Fluorescent Tish Probes for Cancer Revelant Sequences
Fresco, Jacques R.   
Princeton University, Princeton, NJ, United States

) Fluorescent TISH Probes for Cancer-relevant Sequences Gene amplification, substitution and deletion mutations are associated with the molecular pathology of various malignancies, including breast, cervical and gastric cancers, as well as colon and lung cancers and tumors of the nervous system. Multidrug resistance of cancer cells is also associated with gene amplification. Amplification of erbB-2 (HER-2/neu) and N-myc genes is particularly correlated with poor prognosis in breast and cervical cancers and neuroblastoma, respectively. Methods that could simply and reliably detect such aberrations and quantitate them can therefore be of great value for diagnosis, for following the efficacy of treatment, and for reliable prognosis. Currently, detection of point-mutational events represents a major experimental effort. In the case of gene amplification as well, the methods are arduous, require relatively large samples, and they are of variable reliability. This project has a two-fold aim.

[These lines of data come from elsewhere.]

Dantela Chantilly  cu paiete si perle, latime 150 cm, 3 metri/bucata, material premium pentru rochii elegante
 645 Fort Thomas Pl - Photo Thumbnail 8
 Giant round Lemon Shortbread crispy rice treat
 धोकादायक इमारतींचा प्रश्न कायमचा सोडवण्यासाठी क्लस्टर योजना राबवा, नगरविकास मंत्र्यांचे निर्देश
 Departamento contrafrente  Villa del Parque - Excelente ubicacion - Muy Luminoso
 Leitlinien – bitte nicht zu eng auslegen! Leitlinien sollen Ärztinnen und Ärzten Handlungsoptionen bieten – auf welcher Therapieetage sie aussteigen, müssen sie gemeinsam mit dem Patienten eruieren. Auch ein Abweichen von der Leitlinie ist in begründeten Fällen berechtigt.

One is to apply the methodology of TISH (third strand in situ hybridization of fluorescent probes via triplex formation, which avoids the need for DNA denaturation) for the cytogenetic quantitative analysis of these aberrations. TISH has three major advantages: greater sensitivity and quantitative reliability, and importantly, greater sequence specificity. The second parallel aim is to develop suitably intense and non-quenching fluorescent TISH probes. For this purpose, a major effort will be mounted to develop dendritic nuclei with fluors attached by rigid linkers that prohibit their interaction, therefore preventing the quenching of fluorescence. In this way, it is hoped to enhance the sensitivity of fluorescent probe detection by 1-2 orders of magnitude, thereby assuring that TISH probes can be reliably used for analyzing amplified genes and ultimately for detection of mutations in single-copy genes in situ.